Anonymity isn’t it, or isn’t all of it. YouTube comments were deanonymized but that didn’t improve discourse. Look at Facebook and some of the “discussions” about politics there. Newspapers tried running comment sections, but either they’re a cesspool, real names or no, or they just gave up having comment sections entirely. Even locale isn’t a help - NextDoor is full of the same, or worse, combative vitriol. Sure, child porn and death threats don’t go unpunished like “back in the day”, so things are infinitesimally better, but we still have a very very long way to go.
Anonymity doesn’t necessarily mean namelessness - it means being a voice in a crowd, it means being seemingly removed enough from your target that you, personally, won’t be the target of retribution. It hearkens back to really primal primate behaviour.

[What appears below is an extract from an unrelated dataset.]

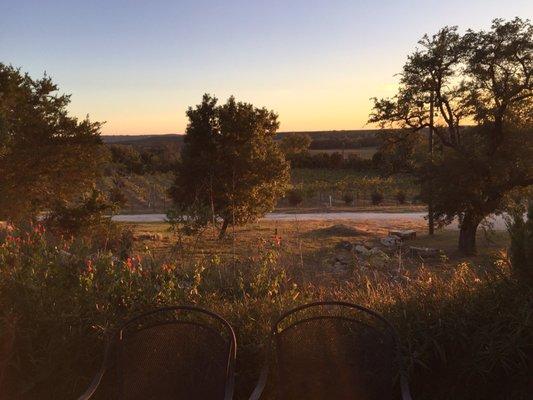 A view over the vineyard close to sunset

Group dynamics are crazy - you can use them to get people who might be drinking buddies to instead get into tin cans and try to murder each other, because you’re using the ultimate anonymity of a battlefield to let slip the dogs of war.
The deciding factor seems to be if the internet group (as in characteristics defining cohesion) has strong enough mores to demand acceptable conduct. wide-open commenting (anon or not): NO. Neighbourhood FB group: you'd hope so, but not always...
I'm on one forum where the only rules are "leave family other than spouses out of it" and "no n-word". It is a hobby interest forum with a gender homogeneous user base. It's one of the most civil places on the internet if you can get past the fact that any mistake will be remembered and you will be made fun of for it. There are definitely some people who hate each other over ideological differences but they seem to tire of arguing and just ignore each other. I think small enough group size for people to remember each other and no reason for people without the shared interest to stick around matter more than anything else.
I think people have realized what the real line of what will be tolerated in society. There isn't any repercussion for being a pos in real life or online. I think we're to polite to the people being rude.
For some groups, if they are large enough, powerful enough, or vicious enough, deanonymized is not an issue because they are the majority. For smaller groups, where having an opinion will lead to death threads etc, deanonymization will extinguish their voices.